At the end of the day, It was important for both of our families to have work-life integration with some balance and by sharing a creative space together this has opened up many opportunities and freed up a lot of family time without feeling burdened by the overhead.
1. (Becca) I think you definitely need to weigh the pros and cons of you both being mothers and what that means for productivity and workflow. We don't have that problem yet, but I know it was a huge consideration for Melissa and other friends she's thought of working with. Because I don't have kids, I'm not tied to any schedule other than my own. I can rearrange my day for work, whereas some days Melissa has to rearrange work to fit into her home life. I know if and when I do start a family, Melissa would be more understanding of the different ways family can interrupt a work week.

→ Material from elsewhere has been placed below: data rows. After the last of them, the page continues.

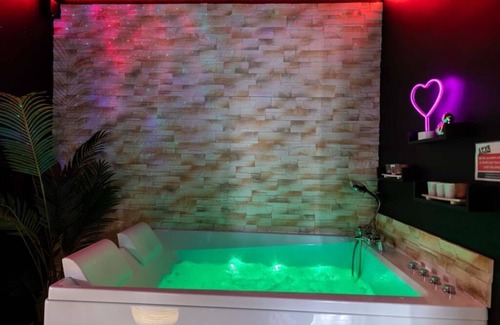 Chamalieres Apartment | LOVE ROOM or not! Chamalières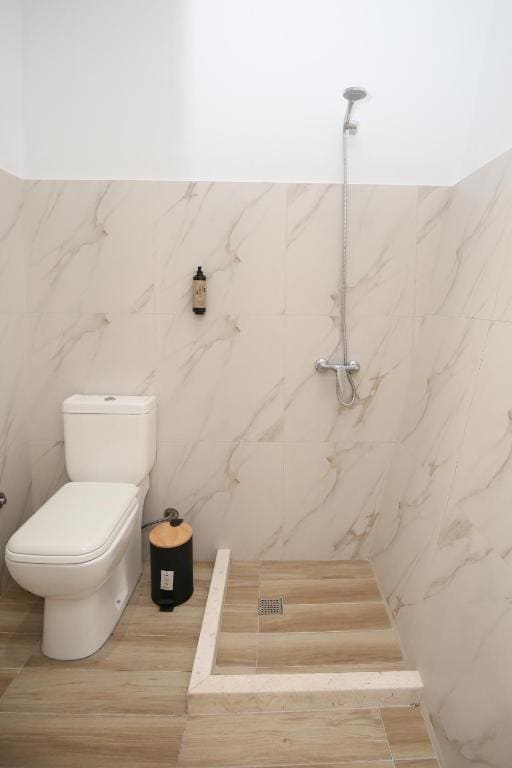 Double Room with Window and Sea View room - Image 2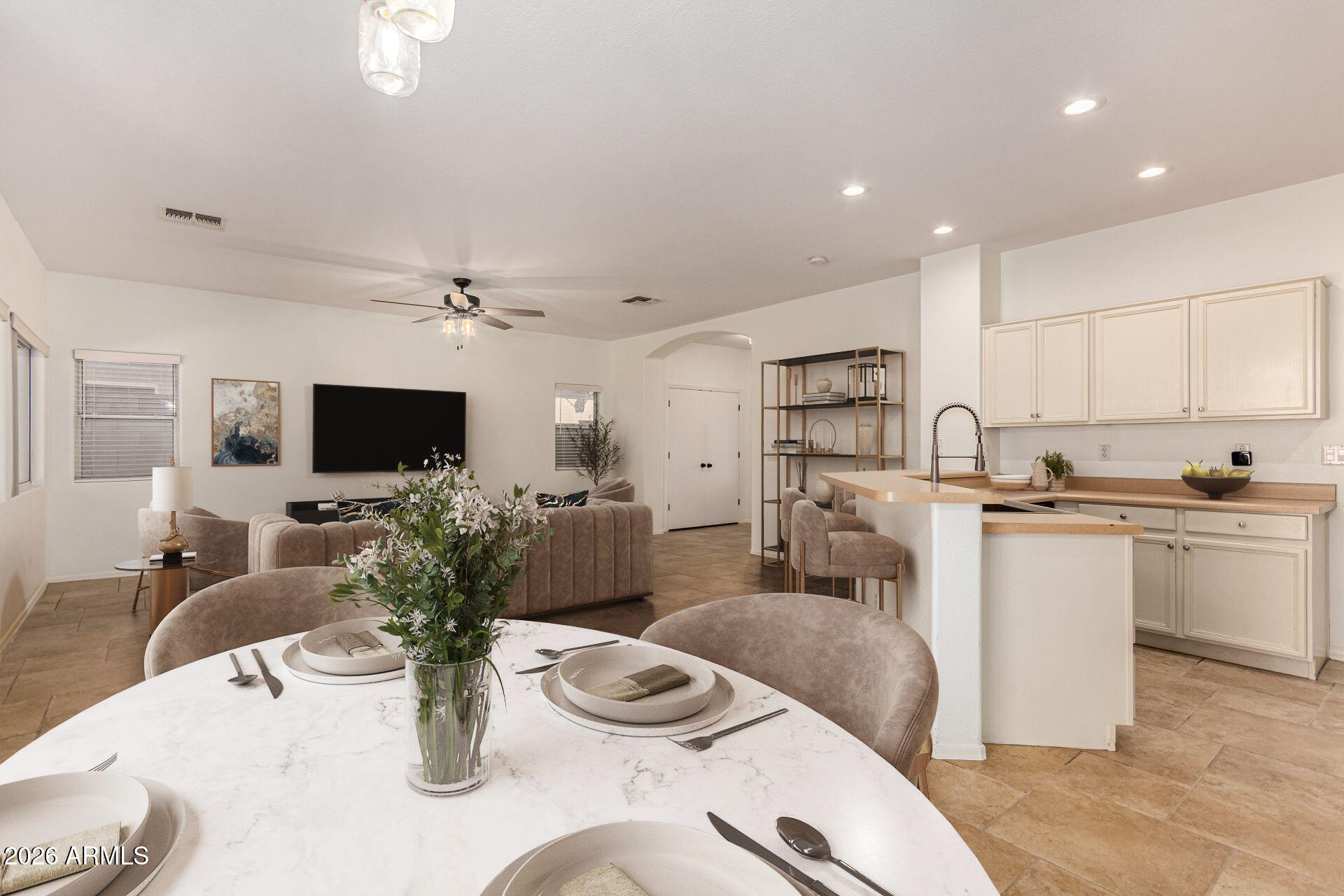 8382 W MARY ANN Drive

2. (melissa) I'd say respect - woman have a tendency to compete with one another. There needs to be a level of respect for the other person and their workflow. And with that said, for me that meant the need to have the same work ethics as the person I hired as my "right-hand-woman". I wouldn't have collaborated with anyone that didn't work hard regardless of what is going on in their personal life. I think that for women the entire benefit of being in your own business is that the flexibility outweighs the stress of running your own business. But it is goes full circle because for the flexibility to be successful, you have to have a great work ethic.
3. Keep an extra box of tampons at work.